Classic Insight Article
In most organizations growth through innovation is a top priority. So is talent. Yet, few organizations adequately look at the link between growth and talent. Even when research has shown that there is a strong correlation between entrepreneurial leadership and higher levels of innovation and growth.
Future leaders are often molded in the image of the existing leaders who run the core business. That’s a mistake.
The skills and capabilities that propelled most executives to the top of organizations in the past are not the ones required to build new growth businesses. These executives are often blinded by their own experience. They rely on proven approaches that worked well in the core business but may not in a new business. They make decisions based on reason and argument not creative thought. They trust data more than intuition. They prefer risk avoidance to taking risks.
Perhaps this is part of the reason that revenue growth and innovation growth in organizations has slowed. Organizations marginalize their innovation efforts by playing it safe with individuals who represent the past, not the future.
In the article, How to Innovate When You’re Not the Big Boss, John Beeson said “Given the unrelenting pace of change surrounding organizations in virtually every industry, companies are looking for executives who know how to innovate and introduce change, not simply caretakers who can manage the status quo.”

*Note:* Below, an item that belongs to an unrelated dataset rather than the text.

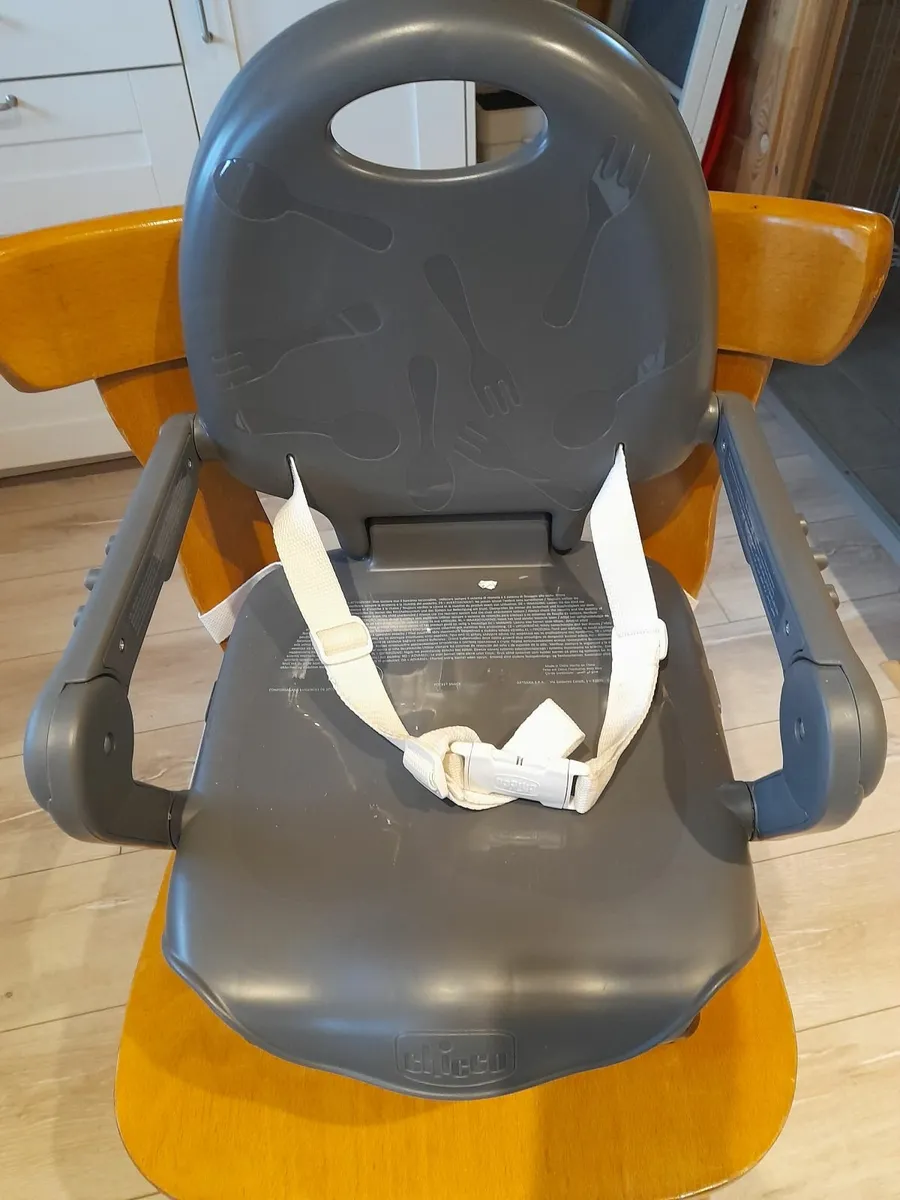 Portable Booster Feeding Seat - Image 3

Often the types of individuals needed to lead innovation projects are not even considered for the position. These individuals represent a small minority of independent thinkers who don’t fit the corporate mold. They see the world differently and they think and act differently. They don’t let existing systems and processes get in their way. They find new and creative ways to get things done. They leverage whatever resources they have available to them.

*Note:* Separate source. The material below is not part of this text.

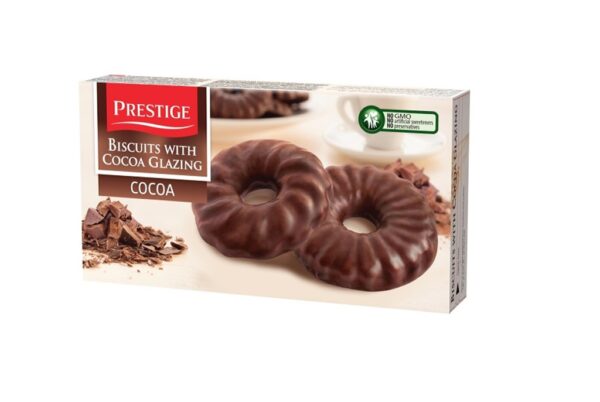 COVERED BISCUITS TRAYANA COCOA 175g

There are no roadmaps or guidebooks for entrepreneurial leaders to follow. They must create a new path, new processes and new ways of working. They will encounter obstacles that the organization has not encountered before. They will have to make decisions without sufficient data. They will face seemingly impossible hurdles to move forward. They will have to deal with resistance to change.
Innovation has become a critical imperative for many organizations and a survival strategy for others. The difference between success and failure may rest with the leaders you choose to lead these efforts.
Entrepreneurial leaders give your organization an innovation edge.